Hawaii’s unbounded diversity strengthens the aloha spirit. This diversity comes from the many different ethnic backgrounds in Hawaii. Every time someone goes to a supermarket, a movie, or a restaurant in Hawaii, they see a variety of cultures. We go to these places daily, so we are accustomed to seeing a diversity of races everyday, it’s not at all rare. However if you grew up on the mainland and you came to Hawaii for vacation purposes, you would probably be astounded by this diversity because you are not used to seeing some of these cultures everyday. Since it is not an oddity for us to see a diversity of cultures everyday, we have become welcoming and open-minded people. Other places with different cultures are at war. For example in Iraq, the Sunnis and Shiites are having a Civil War because of their diversity, or in Fiji, the population is split up into two groups, the Fijians and the Indio-Fijians and they can’t solve their problems either. So diversity alone does not create the aloha spirit. But we’ve learned that since there is no majority population in Hawaii, the best way to get along is to get along with each other.

Diversity takes many forms. Some examples are ethnicity, religion and activities. My friends’ ethnicities in school and outside of school range from Japanese to Korean to Hawaiian to Portuguese. Their religions range from Catholic to Buddhist to Jewish. And their activities range from Hula dancing to tennis to theatre to playing the clarinet. Yet we are still able to get along and have loads of fun. This is because the aloha spirit is kept alive and built up through our differences. The aloha spirit is also kept alive by sharing different beliefs. For example, my family and teachers always encourage us to share our ideas and ensure a non-discriminatory response. The aloha spirit enhances this notion by teaching everyone to be accepting.

To teach and help newcomers was always a tradition by the native Hawaiians and is part of the aloha spirit. It’s a custom to help different cultures to adjust to our culture and to teach them what our culture is about. Family Literacy, a non-profit organization to help families become literate, focuses on two cultures, the Chuukese and Marshallese. English is barely spoken by the parents and is a second language to the children at Kuhio Park Terrace and Mayor Wright Housing; a couple of the areas Family Literacy is located. I go to Family Literacy weekly for about 3 hours to read, teach, and make crafts with the children. I’ve been an avid Girl Scout since I was 5 and ever since, I volunteer frequently to help the community. For my Girl Scout Gold Award, the highest award a Girl Scout can achieve, I intend to make a video for Family Literacy in English, Chuukese, and Marshallese to help the parents understand what their children do at Family Literacy and to promote Family Literacy. These communities add to the diversity of Hawaii, and by reaching out to these families, I have grown to appreciate their culture and the aloha spirit in its entirety.

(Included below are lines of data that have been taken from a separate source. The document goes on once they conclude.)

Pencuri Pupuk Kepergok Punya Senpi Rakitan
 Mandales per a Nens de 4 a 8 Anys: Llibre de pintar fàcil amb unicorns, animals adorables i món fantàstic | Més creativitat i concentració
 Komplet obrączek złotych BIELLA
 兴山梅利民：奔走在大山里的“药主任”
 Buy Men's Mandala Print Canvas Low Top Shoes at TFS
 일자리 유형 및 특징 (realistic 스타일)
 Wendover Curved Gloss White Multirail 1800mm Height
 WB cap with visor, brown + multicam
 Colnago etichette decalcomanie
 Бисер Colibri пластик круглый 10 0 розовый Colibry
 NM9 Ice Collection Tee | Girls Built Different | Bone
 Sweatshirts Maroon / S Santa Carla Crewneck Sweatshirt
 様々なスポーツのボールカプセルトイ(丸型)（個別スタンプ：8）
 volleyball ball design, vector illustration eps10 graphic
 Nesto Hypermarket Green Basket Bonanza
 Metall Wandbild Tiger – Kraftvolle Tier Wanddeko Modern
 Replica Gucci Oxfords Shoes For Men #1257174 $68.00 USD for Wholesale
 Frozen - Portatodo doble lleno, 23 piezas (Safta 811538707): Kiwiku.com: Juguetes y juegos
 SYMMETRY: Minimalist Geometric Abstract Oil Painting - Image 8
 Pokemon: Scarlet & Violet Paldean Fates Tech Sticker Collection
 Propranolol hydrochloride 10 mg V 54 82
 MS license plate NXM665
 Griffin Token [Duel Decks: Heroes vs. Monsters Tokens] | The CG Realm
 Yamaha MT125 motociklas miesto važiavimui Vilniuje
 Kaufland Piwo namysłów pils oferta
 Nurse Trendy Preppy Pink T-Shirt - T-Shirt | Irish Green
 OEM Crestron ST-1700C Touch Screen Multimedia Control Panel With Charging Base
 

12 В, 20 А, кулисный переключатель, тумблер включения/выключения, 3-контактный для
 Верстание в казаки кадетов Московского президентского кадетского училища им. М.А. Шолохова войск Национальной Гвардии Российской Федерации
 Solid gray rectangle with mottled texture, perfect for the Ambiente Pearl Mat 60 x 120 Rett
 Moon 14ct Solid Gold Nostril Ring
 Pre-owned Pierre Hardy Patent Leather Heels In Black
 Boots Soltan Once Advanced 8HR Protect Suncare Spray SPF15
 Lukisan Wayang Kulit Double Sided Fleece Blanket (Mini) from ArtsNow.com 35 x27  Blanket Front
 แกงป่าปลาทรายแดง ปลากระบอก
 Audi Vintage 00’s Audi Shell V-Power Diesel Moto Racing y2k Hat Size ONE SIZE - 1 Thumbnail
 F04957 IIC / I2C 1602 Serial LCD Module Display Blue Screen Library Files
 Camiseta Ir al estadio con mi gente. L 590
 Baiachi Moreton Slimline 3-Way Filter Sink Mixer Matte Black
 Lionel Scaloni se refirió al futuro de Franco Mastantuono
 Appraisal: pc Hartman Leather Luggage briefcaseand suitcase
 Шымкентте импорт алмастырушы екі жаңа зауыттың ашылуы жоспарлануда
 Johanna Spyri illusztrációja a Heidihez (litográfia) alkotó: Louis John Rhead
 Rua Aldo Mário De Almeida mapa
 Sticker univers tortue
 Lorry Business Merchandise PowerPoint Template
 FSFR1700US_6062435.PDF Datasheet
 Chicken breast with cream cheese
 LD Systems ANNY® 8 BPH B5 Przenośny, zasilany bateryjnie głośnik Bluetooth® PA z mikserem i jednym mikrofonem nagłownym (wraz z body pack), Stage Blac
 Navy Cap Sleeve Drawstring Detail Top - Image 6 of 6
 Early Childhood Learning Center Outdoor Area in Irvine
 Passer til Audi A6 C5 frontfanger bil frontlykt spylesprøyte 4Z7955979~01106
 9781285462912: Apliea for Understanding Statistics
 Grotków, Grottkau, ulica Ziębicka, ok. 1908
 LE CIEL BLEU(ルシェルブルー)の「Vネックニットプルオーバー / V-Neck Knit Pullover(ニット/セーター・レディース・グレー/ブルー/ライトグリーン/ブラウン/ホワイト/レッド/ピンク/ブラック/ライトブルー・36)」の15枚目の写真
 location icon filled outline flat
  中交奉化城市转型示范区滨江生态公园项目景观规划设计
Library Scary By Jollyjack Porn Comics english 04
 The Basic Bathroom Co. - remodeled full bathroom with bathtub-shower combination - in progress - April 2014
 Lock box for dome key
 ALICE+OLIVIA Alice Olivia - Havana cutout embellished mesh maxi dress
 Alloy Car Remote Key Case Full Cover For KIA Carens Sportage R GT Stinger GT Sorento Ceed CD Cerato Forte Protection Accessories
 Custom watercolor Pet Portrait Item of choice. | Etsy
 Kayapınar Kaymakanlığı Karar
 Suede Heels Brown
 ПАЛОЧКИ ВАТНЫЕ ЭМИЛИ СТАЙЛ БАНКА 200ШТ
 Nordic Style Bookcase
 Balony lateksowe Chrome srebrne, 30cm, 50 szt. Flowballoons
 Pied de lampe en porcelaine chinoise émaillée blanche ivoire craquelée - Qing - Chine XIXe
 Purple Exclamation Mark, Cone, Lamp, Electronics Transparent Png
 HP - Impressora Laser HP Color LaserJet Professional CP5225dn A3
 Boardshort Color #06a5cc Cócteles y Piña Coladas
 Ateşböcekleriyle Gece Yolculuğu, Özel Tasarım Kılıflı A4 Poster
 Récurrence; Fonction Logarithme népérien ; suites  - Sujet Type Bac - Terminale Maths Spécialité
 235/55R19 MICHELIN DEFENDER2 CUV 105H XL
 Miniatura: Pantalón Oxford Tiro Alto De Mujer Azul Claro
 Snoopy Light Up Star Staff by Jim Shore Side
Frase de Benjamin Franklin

The aloha spirit is present in the people of Hawaii. It helps us to be more caring, hospitable, and accepting. It is our unique quality that transcends all others in Hawaii. Though Hawaii has been developed and will continue to be developed, I’d like to think that the true beauty of Hawaii, what our native Hawaiian ancestors established here, will never be lost. And hopefully by having a diverse mix of cultures, by keeping the aloha spirit alive throughout our families, schools, and churches, and by reaching out to include the various races and cultures of Hawaii, we will all play a part to strengthen Hawaii’s indigenous aloha spirit.